Southern California Edison, Pacific Gas & Electric, and San Diego Gas & Electric submitted a new fixed rate structure for electricity that would be based on a customer’s income rather than the amount of electricity they use. While this approach seems like an equitable solution to the rising energy cost, is it a punishment for financial success and hard work?

Under the new proposal, households with higher incomes will be charged more for their electricity, while those with lower incomes will be charged less. For example, households earning less than $28,000 per year will pay a fixed charge of $15 per month on their electric bills in Edison and PG&E territories and $24 per month in SDG&E territory. Meanwhile, households earning above $180,000 per year will pay $85 per month in Edison territory, $128 per month in SDG&E territory, and $92 per month in PG&E territory.

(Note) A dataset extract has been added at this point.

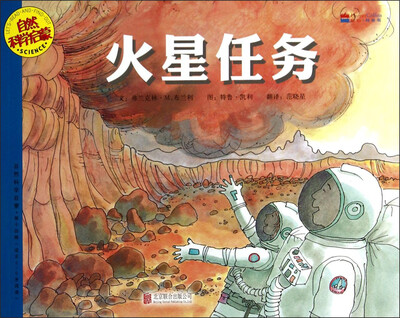 

自然科学启蒙：火星任务（适合5-9岁阅读）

While the proposal may seem like a step toward income equality, should we be concerned that it sends a message that success and hard work are being punished? Making smart choices, such as going to school, working hard, and delaying gratification, should not be penalized by a fixed rate structure based on income. Additionally, those who have achieved success and higher incomes often use their resources to invest in their communities and create jobs for others.

While $92 – $128 may seem like a small price considering all the other costs associated with running a household, could this model also open up Pandoras Box for other income-based rate structure programs? 

As more details emerge, we should also consider whether this approach could lead to a lack of incentive for households to conserve energy. For example, if a family knows that they will be charged the same amount regardless of how much energy they use, they may not feel compelled to reduce their energy consumption. This could lead to a more significant strain on the already overloaded energy grid and ultimately result in higher energy costs for everyone.

Too many discussions in the halls of government are focused on raising taxes on higher-income earners and creating prospective programs for income distribution, in other words: programs that punish success and hard work. Rather than penalizing those who earn higher incomes, let’s work on helping those at the bottom increase their income. 

The wealthy have a luxury that most of us don’t have. They can pack up and go to another state, and with it goes their tax dollars. We should be working to keep our high earners in-state, keeping the indirect benefits of their fiscal success and responsibility.